The public never grasped how narrowly Baker’s control of the Senate had ridden in the balance. After the vote, Baker told Thurmond, “I never owed a greater debt of political gratitude to anybody than I do to you.”
Because defeat that early, due to Republican defections, would have derailed the Reagan program. Had Republican ranks shattered just seventeen days after Reagan’s inauguration, the initial momentum of Reagan’s presidency would have been lost. Baker felt it vital to demonstrate command and to get Republicans to make sacrifices for the sake of unity behind Reagan. “Strom, more than just about anybody else, maybe except me, understood how important it was that we act like a majority,” Baker said.
That debt-ceiling victory, seemingly minor, did three things: It forged Republican unity, it inculcated a governing mentality, and it established a winning momentum.

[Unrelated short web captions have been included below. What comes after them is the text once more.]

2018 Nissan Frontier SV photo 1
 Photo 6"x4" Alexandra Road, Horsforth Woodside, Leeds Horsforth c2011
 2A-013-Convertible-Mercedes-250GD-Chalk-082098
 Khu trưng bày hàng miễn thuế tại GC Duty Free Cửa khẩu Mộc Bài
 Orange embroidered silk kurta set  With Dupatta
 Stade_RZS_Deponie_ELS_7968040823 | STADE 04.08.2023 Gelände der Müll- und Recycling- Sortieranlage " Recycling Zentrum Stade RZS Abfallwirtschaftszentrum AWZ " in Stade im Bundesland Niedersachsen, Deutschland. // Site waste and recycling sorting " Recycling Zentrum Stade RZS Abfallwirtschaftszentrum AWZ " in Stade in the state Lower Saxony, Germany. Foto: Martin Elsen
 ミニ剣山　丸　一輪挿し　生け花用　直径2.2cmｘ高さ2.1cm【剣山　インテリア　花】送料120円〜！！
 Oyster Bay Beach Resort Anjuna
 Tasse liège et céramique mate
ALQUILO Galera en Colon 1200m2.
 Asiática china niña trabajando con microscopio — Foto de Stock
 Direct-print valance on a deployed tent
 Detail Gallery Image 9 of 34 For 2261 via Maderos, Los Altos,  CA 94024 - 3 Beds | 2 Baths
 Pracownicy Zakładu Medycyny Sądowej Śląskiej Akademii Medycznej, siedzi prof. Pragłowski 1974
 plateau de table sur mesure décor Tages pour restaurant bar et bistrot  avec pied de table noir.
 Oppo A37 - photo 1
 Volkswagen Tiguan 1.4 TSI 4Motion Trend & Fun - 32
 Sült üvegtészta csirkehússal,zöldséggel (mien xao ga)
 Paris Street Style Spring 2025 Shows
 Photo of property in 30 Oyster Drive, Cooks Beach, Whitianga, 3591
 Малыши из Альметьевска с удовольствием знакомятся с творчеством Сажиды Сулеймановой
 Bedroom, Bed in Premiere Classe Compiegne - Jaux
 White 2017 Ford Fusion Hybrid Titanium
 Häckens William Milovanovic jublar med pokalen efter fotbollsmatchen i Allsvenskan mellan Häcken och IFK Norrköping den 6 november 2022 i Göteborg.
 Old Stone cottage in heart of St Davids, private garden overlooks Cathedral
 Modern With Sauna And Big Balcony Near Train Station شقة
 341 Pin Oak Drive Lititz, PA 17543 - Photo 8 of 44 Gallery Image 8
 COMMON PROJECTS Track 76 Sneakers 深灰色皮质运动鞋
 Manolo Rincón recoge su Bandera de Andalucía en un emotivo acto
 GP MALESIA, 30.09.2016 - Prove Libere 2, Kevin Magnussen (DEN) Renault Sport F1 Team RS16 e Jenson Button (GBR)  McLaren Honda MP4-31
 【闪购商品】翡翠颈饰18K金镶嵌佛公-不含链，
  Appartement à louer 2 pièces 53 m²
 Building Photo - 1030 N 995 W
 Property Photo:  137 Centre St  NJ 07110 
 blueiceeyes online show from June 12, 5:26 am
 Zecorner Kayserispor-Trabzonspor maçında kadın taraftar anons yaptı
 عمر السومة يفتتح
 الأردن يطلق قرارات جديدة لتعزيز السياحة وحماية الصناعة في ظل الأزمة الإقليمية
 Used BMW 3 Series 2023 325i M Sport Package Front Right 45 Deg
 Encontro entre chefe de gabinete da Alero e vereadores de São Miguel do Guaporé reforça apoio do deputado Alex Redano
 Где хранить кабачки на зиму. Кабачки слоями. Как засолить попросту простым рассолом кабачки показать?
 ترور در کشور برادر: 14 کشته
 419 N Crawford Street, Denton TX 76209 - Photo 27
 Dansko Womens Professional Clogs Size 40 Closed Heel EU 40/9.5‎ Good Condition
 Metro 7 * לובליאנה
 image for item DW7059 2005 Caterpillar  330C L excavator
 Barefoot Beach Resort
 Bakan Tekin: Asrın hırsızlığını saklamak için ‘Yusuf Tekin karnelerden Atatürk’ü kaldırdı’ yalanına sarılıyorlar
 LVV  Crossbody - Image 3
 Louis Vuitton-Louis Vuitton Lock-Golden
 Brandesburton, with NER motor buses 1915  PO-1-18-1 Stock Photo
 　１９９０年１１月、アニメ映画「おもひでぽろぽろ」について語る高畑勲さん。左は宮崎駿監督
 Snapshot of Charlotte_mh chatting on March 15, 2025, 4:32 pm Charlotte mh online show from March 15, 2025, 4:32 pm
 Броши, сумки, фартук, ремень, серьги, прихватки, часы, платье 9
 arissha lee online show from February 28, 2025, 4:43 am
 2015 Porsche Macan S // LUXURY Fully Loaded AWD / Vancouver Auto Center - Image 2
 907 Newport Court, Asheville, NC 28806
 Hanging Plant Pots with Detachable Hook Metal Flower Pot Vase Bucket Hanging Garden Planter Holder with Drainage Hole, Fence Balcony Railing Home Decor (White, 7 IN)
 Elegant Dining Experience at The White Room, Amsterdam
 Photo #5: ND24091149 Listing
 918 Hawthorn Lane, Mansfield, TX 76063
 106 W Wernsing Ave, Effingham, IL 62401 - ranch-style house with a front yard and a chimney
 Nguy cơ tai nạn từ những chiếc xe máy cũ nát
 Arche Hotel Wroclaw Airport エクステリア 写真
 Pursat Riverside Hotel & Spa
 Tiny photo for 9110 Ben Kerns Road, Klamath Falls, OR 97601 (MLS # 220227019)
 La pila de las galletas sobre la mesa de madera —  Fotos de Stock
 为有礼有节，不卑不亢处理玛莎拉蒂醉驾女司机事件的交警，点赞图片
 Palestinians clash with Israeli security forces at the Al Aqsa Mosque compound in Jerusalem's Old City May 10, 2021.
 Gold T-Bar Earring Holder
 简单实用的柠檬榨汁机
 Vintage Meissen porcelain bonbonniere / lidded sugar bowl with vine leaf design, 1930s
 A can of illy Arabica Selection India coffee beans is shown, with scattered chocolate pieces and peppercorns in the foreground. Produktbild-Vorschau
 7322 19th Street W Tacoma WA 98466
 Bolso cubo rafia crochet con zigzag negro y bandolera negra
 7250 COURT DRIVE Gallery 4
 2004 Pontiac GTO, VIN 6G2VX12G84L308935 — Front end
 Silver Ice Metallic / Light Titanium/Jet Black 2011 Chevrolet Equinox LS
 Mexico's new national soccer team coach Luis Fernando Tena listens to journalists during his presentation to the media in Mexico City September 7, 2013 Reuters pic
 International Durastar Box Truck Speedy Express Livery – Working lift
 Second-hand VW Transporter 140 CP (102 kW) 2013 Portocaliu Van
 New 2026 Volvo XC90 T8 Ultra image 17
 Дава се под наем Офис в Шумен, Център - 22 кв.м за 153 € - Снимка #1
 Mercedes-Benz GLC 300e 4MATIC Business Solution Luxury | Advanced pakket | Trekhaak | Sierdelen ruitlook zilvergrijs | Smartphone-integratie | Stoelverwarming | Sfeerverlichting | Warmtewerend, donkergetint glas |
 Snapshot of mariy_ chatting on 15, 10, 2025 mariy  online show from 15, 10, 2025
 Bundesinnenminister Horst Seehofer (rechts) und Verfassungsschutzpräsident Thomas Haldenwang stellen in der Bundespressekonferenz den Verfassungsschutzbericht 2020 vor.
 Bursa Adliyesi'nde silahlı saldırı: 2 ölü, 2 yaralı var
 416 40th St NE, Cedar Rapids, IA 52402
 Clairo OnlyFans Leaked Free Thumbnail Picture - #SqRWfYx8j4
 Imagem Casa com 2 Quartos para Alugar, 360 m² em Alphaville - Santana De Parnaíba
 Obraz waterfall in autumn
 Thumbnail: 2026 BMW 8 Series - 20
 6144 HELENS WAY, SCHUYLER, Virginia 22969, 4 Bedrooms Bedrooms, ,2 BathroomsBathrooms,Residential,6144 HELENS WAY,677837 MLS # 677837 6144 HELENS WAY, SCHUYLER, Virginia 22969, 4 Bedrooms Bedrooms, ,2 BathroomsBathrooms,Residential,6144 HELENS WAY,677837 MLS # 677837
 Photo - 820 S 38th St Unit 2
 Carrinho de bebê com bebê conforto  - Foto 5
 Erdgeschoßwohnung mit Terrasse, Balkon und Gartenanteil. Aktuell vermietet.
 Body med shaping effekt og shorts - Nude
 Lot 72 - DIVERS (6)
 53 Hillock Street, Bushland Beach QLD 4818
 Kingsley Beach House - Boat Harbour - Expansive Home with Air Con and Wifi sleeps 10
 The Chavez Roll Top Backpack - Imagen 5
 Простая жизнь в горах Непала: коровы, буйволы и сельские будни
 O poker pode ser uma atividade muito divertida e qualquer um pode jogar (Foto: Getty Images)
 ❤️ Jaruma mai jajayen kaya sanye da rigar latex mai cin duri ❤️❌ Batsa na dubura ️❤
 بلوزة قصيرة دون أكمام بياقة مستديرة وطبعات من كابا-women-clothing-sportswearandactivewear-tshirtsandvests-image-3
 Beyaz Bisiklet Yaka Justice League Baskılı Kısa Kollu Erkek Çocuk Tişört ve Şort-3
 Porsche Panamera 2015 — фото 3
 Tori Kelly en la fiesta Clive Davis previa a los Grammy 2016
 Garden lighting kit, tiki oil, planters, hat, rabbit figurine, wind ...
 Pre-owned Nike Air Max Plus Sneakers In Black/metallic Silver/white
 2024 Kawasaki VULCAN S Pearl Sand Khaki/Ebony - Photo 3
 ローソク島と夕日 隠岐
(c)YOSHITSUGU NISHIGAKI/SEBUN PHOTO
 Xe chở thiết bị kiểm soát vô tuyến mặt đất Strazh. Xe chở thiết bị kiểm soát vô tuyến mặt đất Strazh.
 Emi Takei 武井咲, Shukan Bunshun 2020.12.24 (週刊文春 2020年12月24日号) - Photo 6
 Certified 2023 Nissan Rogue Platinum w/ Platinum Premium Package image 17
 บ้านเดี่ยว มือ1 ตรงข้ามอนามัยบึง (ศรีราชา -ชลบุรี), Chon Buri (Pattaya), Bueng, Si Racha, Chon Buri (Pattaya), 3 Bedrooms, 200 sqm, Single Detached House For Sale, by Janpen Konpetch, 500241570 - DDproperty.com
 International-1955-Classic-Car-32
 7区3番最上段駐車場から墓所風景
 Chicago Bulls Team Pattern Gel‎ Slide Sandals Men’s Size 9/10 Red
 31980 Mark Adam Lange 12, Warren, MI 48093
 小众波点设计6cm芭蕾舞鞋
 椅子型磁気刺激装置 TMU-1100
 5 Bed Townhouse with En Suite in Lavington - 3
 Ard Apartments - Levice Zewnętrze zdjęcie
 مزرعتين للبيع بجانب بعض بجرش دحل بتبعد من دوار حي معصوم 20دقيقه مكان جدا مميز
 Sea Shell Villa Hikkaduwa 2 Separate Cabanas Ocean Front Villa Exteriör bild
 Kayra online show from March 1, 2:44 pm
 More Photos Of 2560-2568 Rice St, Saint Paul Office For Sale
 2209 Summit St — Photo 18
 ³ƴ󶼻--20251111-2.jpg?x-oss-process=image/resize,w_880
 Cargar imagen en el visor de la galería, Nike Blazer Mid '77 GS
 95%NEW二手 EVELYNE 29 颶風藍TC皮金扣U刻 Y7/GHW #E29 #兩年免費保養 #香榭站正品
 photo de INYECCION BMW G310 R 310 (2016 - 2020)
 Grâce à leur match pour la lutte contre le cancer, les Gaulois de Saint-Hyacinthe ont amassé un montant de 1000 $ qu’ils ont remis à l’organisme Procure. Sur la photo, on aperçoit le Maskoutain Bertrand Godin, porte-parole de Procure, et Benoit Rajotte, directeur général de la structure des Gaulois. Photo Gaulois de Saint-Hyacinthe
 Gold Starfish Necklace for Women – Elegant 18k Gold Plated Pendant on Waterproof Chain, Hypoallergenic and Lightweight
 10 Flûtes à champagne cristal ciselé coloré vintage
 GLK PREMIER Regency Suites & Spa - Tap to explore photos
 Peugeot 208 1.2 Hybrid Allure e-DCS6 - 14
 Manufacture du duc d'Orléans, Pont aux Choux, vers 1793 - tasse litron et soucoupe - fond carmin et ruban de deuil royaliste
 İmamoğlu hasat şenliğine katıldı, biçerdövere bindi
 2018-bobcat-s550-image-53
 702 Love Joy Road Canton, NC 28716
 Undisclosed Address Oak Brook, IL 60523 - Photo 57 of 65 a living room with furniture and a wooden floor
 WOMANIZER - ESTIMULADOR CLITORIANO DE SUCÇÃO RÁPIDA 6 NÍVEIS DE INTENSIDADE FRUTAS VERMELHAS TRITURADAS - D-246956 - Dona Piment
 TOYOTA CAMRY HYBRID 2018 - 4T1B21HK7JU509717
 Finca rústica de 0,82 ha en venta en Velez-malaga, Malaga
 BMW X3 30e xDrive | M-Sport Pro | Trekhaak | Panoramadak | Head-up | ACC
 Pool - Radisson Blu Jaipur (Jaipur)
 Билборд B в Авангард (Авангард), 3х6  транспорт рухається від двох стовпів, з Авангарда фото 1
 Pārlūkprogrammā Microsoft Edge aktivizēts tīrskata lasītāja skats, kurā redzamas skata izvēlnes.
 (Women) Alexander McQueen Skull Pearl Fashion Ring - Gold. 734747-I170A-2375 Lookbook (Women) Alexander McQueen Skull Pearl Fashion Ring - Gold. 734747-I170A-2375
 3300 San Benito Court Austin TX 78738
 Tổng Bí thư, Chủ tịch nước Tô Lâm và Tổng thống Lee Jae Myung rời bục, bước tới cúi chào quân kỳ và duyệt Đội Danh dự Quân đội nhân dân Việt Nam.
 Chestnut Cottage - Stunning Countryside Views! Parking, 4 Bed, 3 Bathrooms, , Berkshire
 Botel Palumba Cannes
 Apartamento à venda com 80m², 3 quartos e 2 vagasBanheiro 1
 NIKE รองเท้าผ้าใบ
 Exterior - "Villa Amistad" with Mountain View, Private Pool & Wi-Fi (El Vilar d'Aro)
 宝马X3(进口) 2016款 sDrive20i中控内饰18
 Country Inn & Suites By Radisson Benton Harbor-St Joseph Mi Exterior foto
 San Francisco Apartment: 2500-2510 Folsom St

The President—Being Loved and Feared
Success in the coalition game depends enormously on presidential influence with the individual members of Congress; a president can pull enough reluctant votes his way if he has the right political touch. It is an old maxim of politics that an effective leader, mayor, governor, and above all, president, must be both loved and feared. That is how a president marshals support from his natural followers and deters attack from his natural enemies. Issues matter, of course, but so does human chemistry. A president has to make clear there are benefits for supporting him and consequences for opposing him.